Session 14: The Word of the Day is: Pizzle
General Summary
Right so we're creeping around Dapplewing manor trying to steal a creepy doll for the hot goblin we met at the homecoming mage tower game. Because we don't want to get caught and get kicked out of our activities, we have Randy creeping around inside of the manor doing some recon for us. He found some sort of potion and snagged it, then moved on to the storeroom, where he spent a lot of time going through the piles of stuff there. The only thing noteworthy he found was that some ink had been spilled. He moved on into the room behind the stairs and saw the grand lounge where he found three pteranodons suspended in air in a dance pose. Next, Randy went upstairs where he saw a lot of oddities - including a shelf of dolls, one of which matched the description of the doll we were looking for. There was also a dress made of bones and an adult sized riding toy roc. While Cillian was relaying to everyone what Randy saw, I got super distracted by idea of the adult riding toy roc and started working on a new story called Roc-ing all Night Long. It's going to be a good one. Anyway, Cillian also told us that Randy had spotted an old moustached man doll wearing a suit that was rich as fuck - it had 25 gold on it. Randy grabs the gold and the doll that looked like the Sally doll and starts making his way toward us with the doll, potion, and gold. While we were waiting for Randy to return Night That Eats Stars educated us on goat penises. I hope our next test is on goats, but even if it isn't it'll be useful information for a future story. Anyway, so Randy shows up and pulls out the loot and Cillian shared the gold with us. Night said she didn't want her gold because Cillian had spent money summoning Randy and it was only fair we chipped in. That was kind of her, but like I'm pretty sure I have no parents anymore so like I probably won't be getting any money or care packages from home so I probably need to keep what I find. I felt kinda shitty about it though.
Night took a look at the potion Randy brought back and identified it as a Potion of Mind Reading because she is super smart and can tell stuff like that just by looking at things. Anyway, Cathia took the potion and we decided to make our way over to Piper to tell her we had found the doll and rub it in her face that we were more successful than her. But while we were walking the doll started talking and said "if you say so" Randy responded by telling her "damn right" and she said it again. Suddenly the doll flew toward Cillian and he caught it as it hit him in the chest. Then Randy farted.. loudly. It was a super weird series of events that I still don't quite understand.

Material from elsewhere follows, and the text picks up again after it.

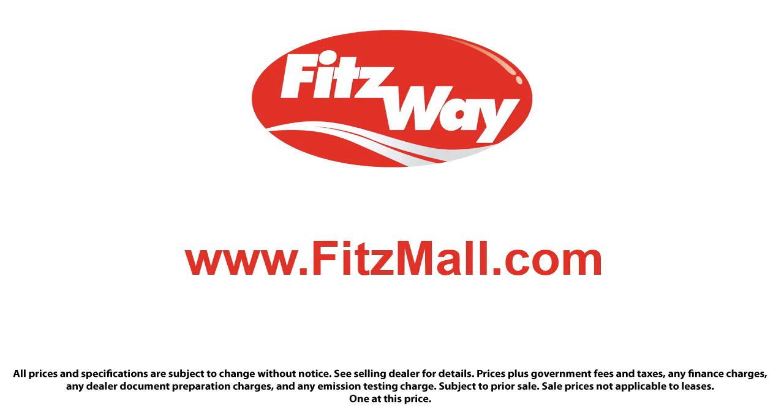Fitzgerald Auto Malls is the first and only auto dealer group in North America to have achieved the ISO certification. So you can buy with confidence knowing that you're in the best possible hands.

We walked over to Piper and handed her the doll. She seemed really happy we had gotten it for her, so we didn't rub it in her face that we succeeded when she hadn't been able to. She gave us a driftglobe as a reward. It's actually really pretty when it's all lit up. We went back to our rooms and called it a night. But, a couple of days later, in the middle of the night in the middle of an otherwise boring week, Cillian woke up to Piper pounding on his door saying her brother went away with the Sassy Sally doll back to their homeland of Troodhoszoz and something had gone wrong. Cillian got the rest of us involved once he realized Piper wasn't there to hook up. I feel like he probably could have involved us either way, but whatever. Anyway, Piper said her brother told her someone named Happy Jack was in town and he was happy about that and was going to go to his funhouse. If you ask me, it sounds like her brother is probably involved with some sort of a sex cult. Piper says Happy Jack is a clown and since he's been in town some kids have gone missing. I guess it's a pedophilic sex cult. So we are definitely going to have to intervene here. We ask Piper a few more questions about her family and where her brother went. We learned Trudeauland is halfway between campus and Yios. Her dad's name is something like Freeing Fuck (Frionvuc) and her mom's name is Quinoa (Qenufz). Piper is staying behind because she is a nerd who is afraid of danger.
We agreed the best plan was to head out as soon as it was morning to save the kids from the weird clown sex trafficking cult. When dawn broke (and by that I mean around midday because we are college students so no one is getting up with the sun like some crusty old 300 year old elf), we took our pub to Trudeauistan and made our way toward the circus cult. The center of all the circus tents was a really weird building that was all painted up with a giant smiling face with the mouth open painted on it. A goblin waived us into the nearby tavern and Cathia made some vaguely racist statements about not trusting goblins, but she said she didn't mean anything by it because she has a goblin friend. The group agreed we would have to work with her on that. Anyway, we found Quinoa and she told us that Happy Jack showed up and left flyers around town for his funhouse. We told her Jack sounded pretty sus and was probably some sort of child killing pervert. But Quinoa said she went to his funhouse as a kid and it was not a sex cult back then. Plus, she said Jack is friends with the mayor and he promised the mayor a funhouse and food. Which like to me, does not say it's NOT a sex cult, but whatever this lady needs to believe. Anyway, she said Jack put his sack on the ground and said "let the fun begin" - still getting major sex cult vibes here - and a funhouse and a cart just magically appeared! Quinoa said it was super fun and the food and candy was delicious. She didn't save us any, which I guess is fine because it is probably poison or drugs or something anyway. She said she has been playing in the funhouse, but when the weekend ended all the adults went back to work and just used Happy Jack as a free babysitter. When they came home from work the kids were gone.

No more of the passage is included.